* _MATERIAL SUPPLIED_:
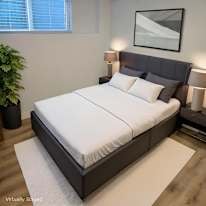 Photo of Ian Macnaughton's room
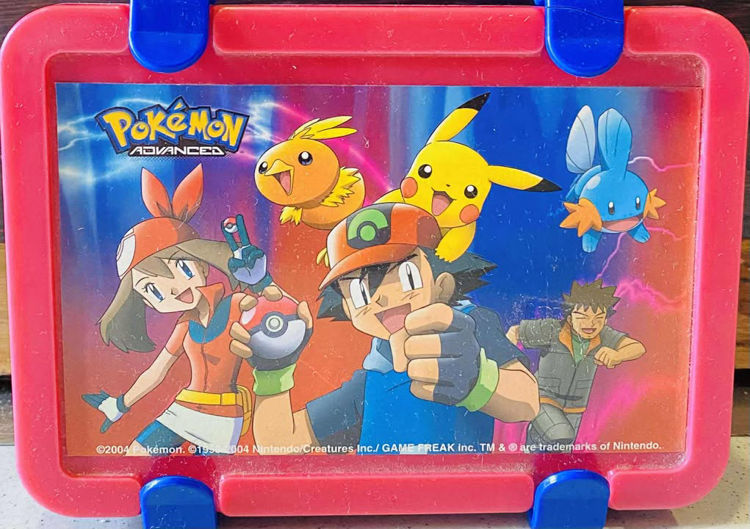 Picture of 0012 POKEMON ADVANCED LUNCHBOX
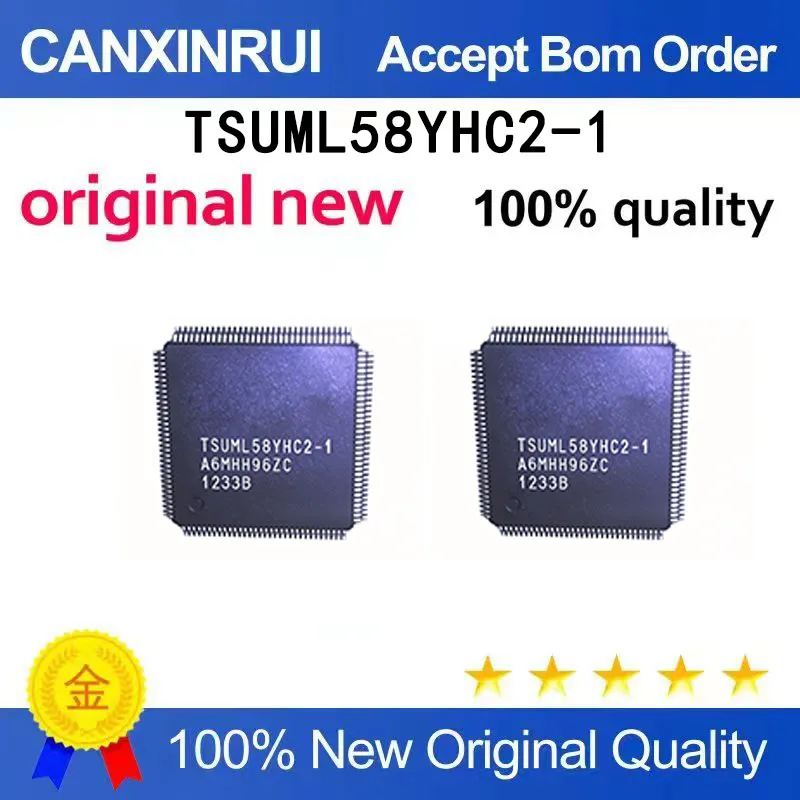 (5-100 pieces)New stock LCD driver chip TSUML58YHC2-1 TSUML58
(5-100 pieces)New stock LCD driver chip TSUML58YHC2-1 TSUML58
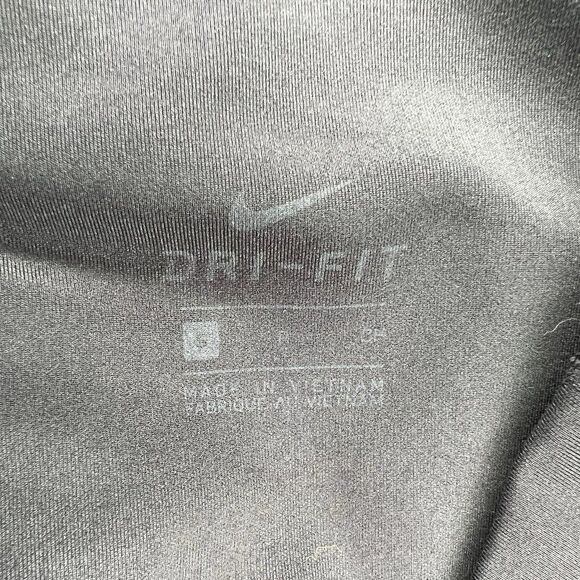 Nike Women's Dri-Fit Black Training Leggings - Picture 9 of 9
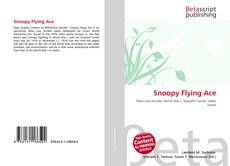 Portada del libro de Snoopy Flying Ace
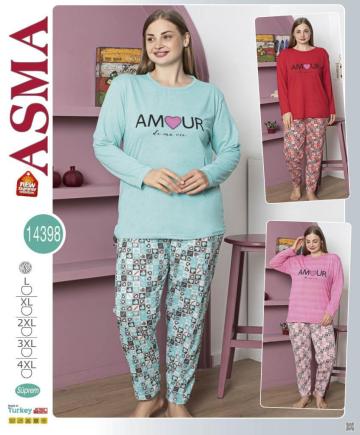 Pijama dama battal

* _EXERCISE INSTRUCTIONS_:
Each line of the data above needs to be retyped as it is, without any picture.

* _RESPONSE AREA_:
 Photo of Ian Macnaughton's room
 Picture of 0012 POKEMON ADVANCED LUNCHBOX
 (5-100 pieces)New stock LCD driver chip TSUML58YHC2-1 TSUML58
(5-100 pieces)New stock LCD driver chip TSUML58YHC2-1 TSUML58
 Nike Women's Dri-Fit Black Training Leggings - Picture 9 of 9
 Portada del libro de Snoopy Flying Ace
 Pijama dama battal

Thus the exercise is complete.